» WHAT YOU ARE ASKED TO DO
Return each line below exactly as it reads, and omit any image in it.

» RECORDED DATA
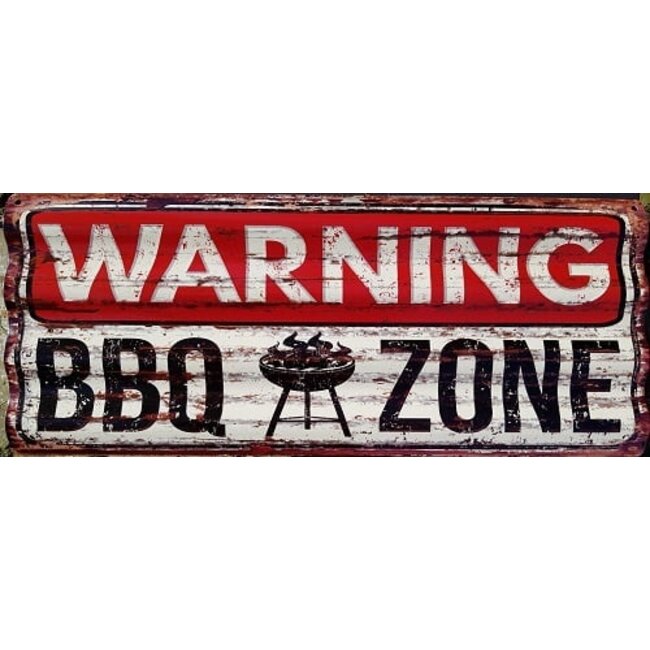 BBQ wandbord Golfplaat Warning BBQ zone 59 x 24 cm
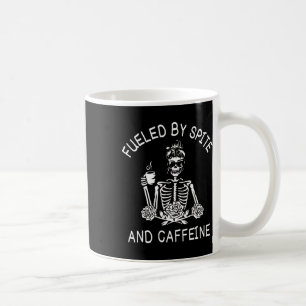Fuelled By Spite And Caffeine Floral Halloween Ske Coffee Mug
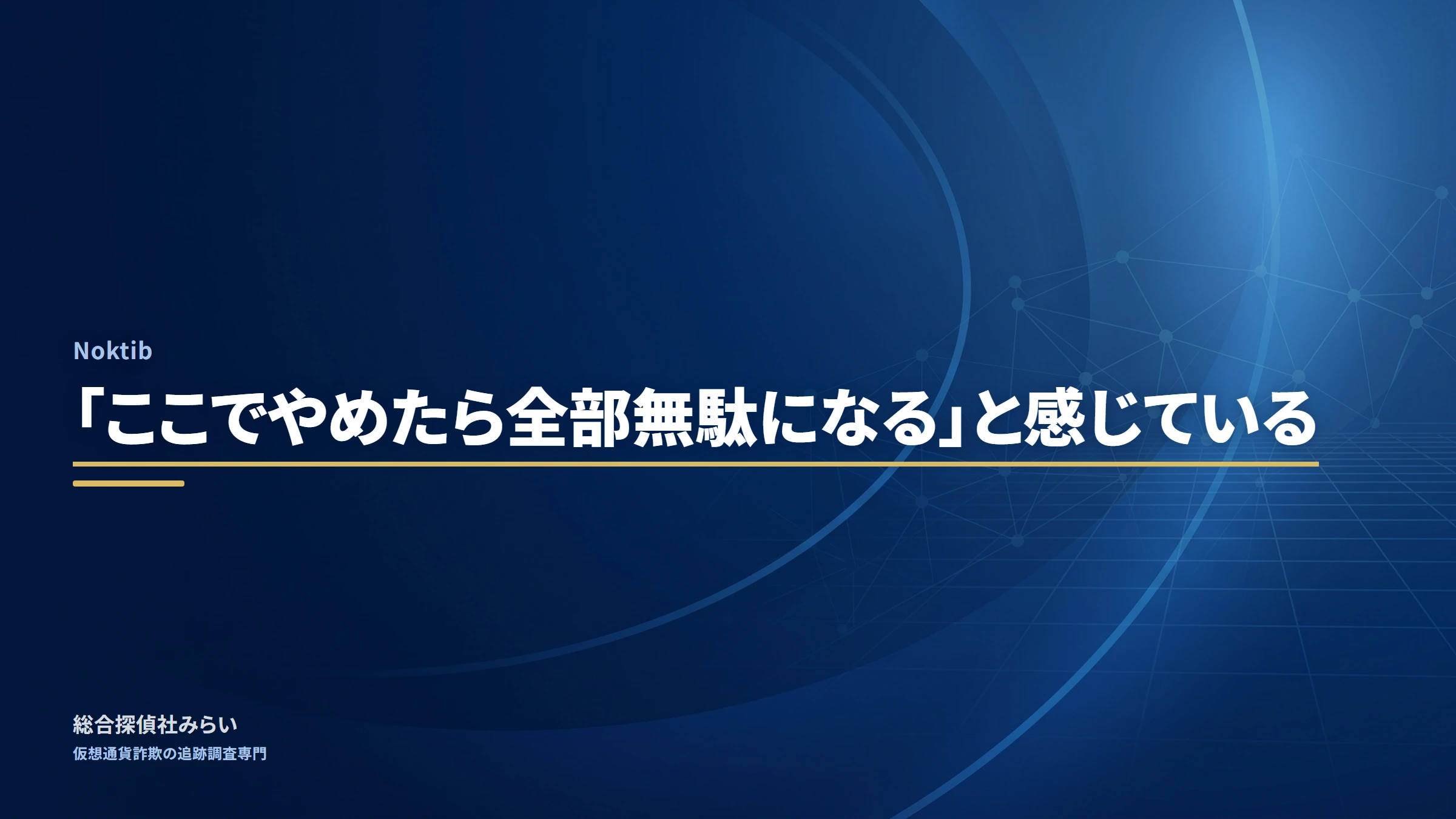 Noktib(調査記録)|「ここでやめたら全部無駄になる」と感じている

» EXERCISE SOLUTION
 BBQ wandbord Golfplaat Warning BBQ zone 59 x 24 cm
Fuelled By Spite And Caffeine Floral Halloween Ske Coffee Mug
 Noktib(調査記録)|「ここでやめたら全部無駄になる」と感じている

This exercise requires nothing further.